I want my algorithm to design a hypothesis function $h_\theta(x)$ to predict the probability for the function $f$ to give $1$ for a particular input $x$.
The hypothesis function should have the form:
\[h_\theta(x) = \sigma(\theta^T x)\]where $\sigma$ is defined as
\[\sigma(x) = \frac 1 {1 + e^{-x}}\]According to the form of the hypothesis function and some statistics knowledge, the hypothesis function should minimize $J(\theta)$ for this cost function:
\[\text{Cost}(h(x), y) := - y \ln h(x) - (1 - y) \ln (1 - h(x))\]An alternative form for this formula is
\[\text{Cost}(h(x), y) := \begin{cases} - \ln h(x) & y = 1 \\ - \ln (1 - h(x)) & y = 0 \\ \end{cases}\]Decision Boundary
Inputs which fits the condition $h_\theta(x) \ge \frac 1 2$ is separated with inputs which does not fit the same condition by a boundary called the decision boundary (决策边界).
The decision boundary is a property of $h_\theta$, not the training set.
Solution
Notice that the cost function is convex, therefore, it is a great function for gradient descent.

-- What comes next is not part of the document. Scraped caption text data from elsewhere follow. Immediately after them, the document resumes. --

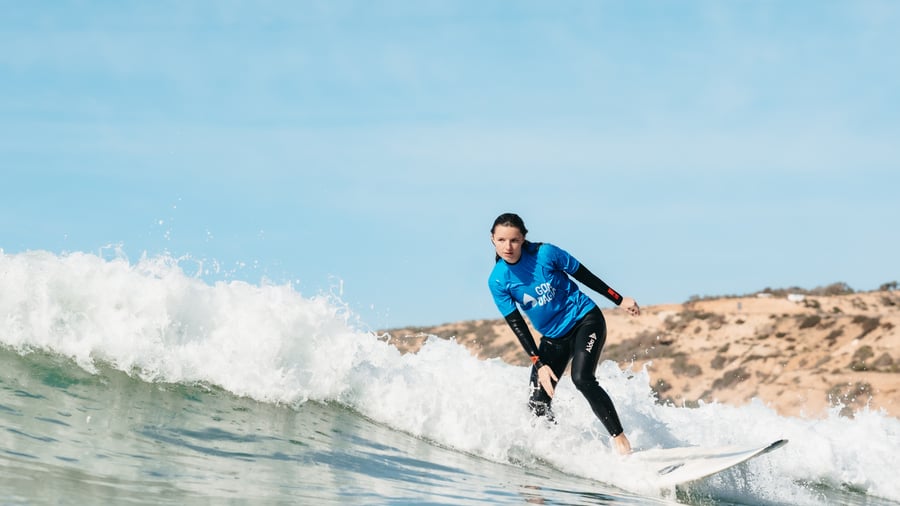 Surfen op het water in Marokko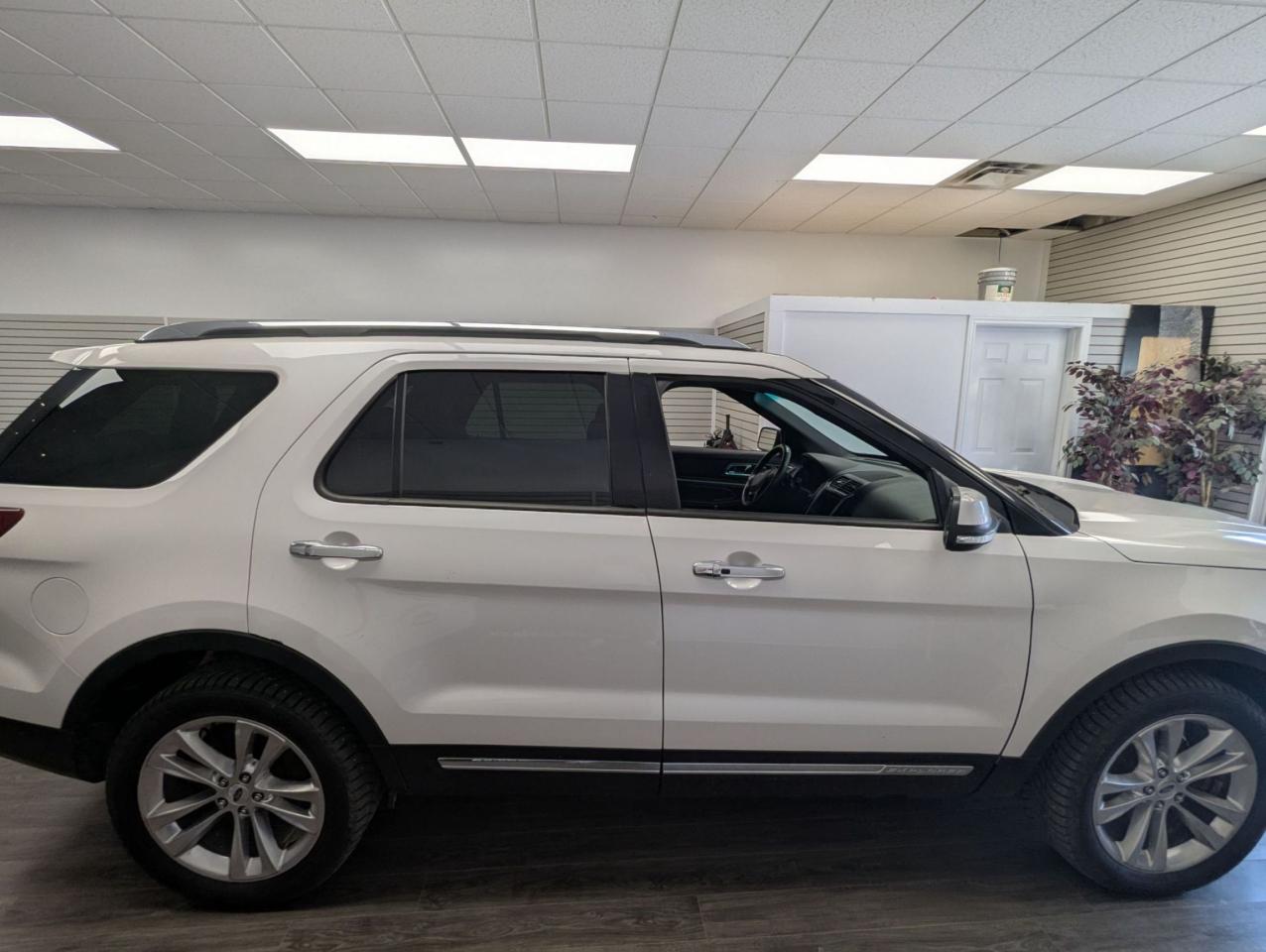 2017 Ford Explorer LIMITED l Clean Carfax l No Accidents l 7 seater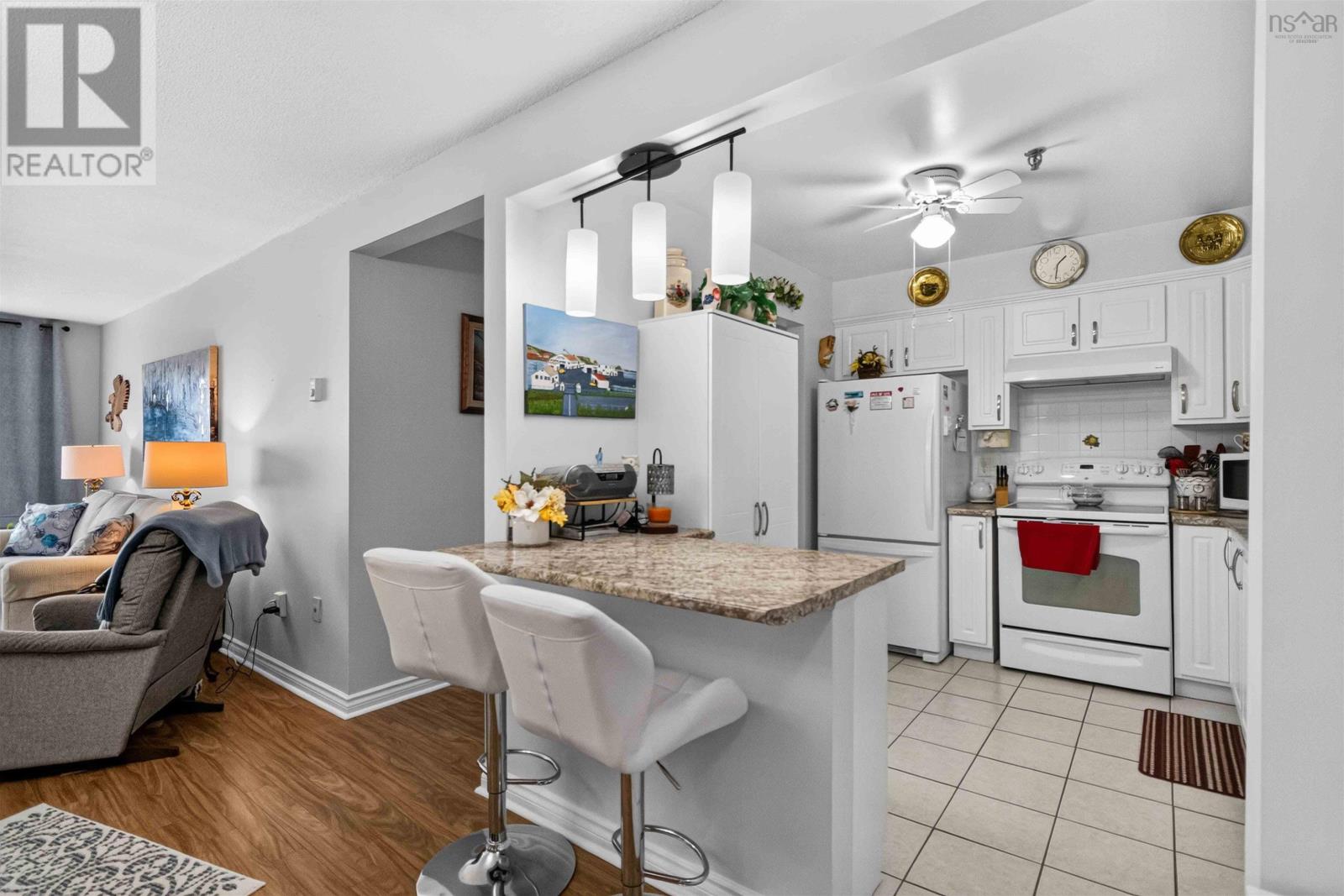 #310 64 Cumberland Drive - 14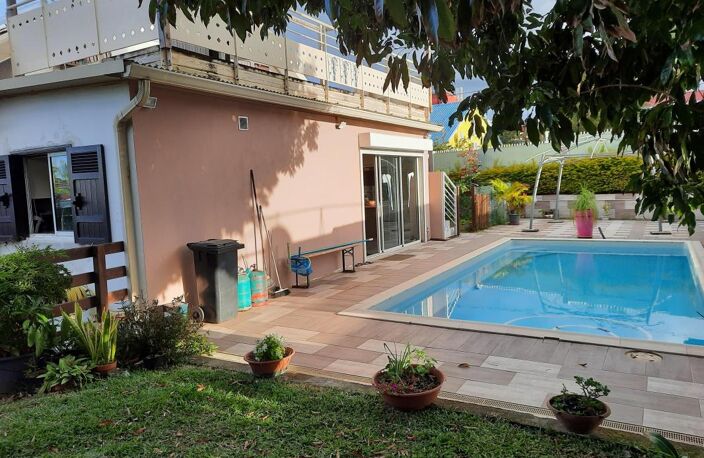 En vente sur Saint Suzanne villa F8 DE 246m² sur terrain 983m² — photo 2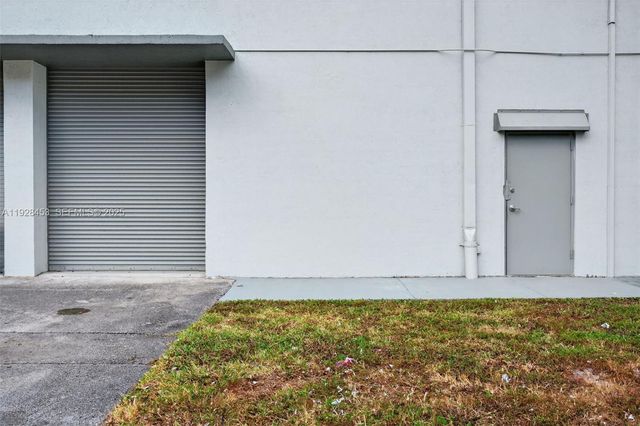 Furniture Store For Sale in the Tamiami Area, Miami, FL 33184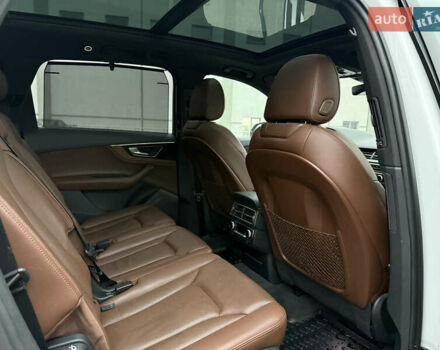 Белый Ауди Ку 7, объемом двигателя 3 л и пробегом 296 тыс. км за 19700 $, фото 23 на Automoto.ua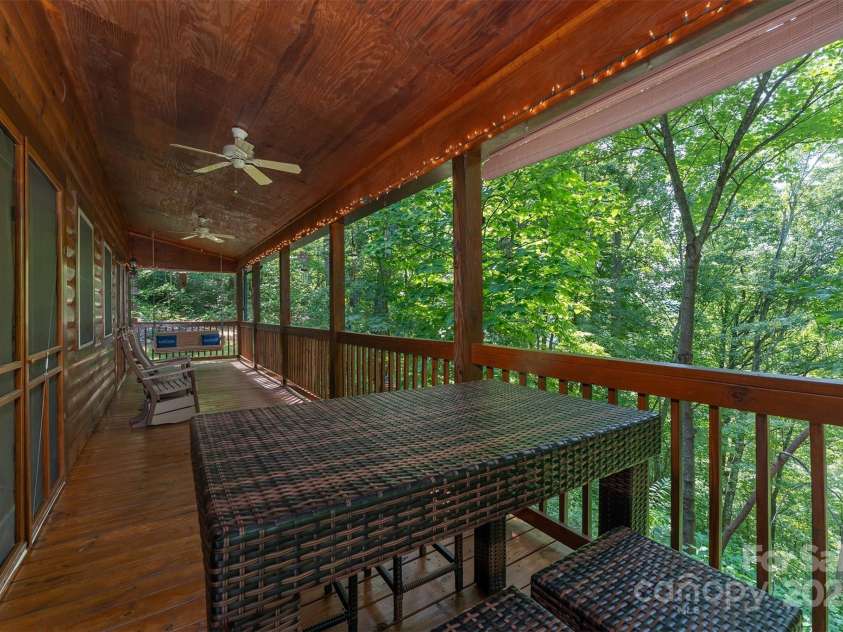 386 Wild Turkey Run, Black Mountain, NC 28711.  MLS# CAR4177382, YatesRealty ID 8394.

We can calculate the Gradient Descent formula for Logistic Regression:
\[\frac \partial {\partial \theta_j} J(\theta) = \frac 1 m \sum \limits_{i=1}^m h_\theta(x^{(i)} - y^{(i)}) x^{(i)}_j\]Multi-Class Classification
Train a logistic regression $h_\theta^{(i)}(x)$ for each $i$.
For a input $x$, take
\[\arg \max\limits_i h_\theta^{(i)}(x)\]as the answer.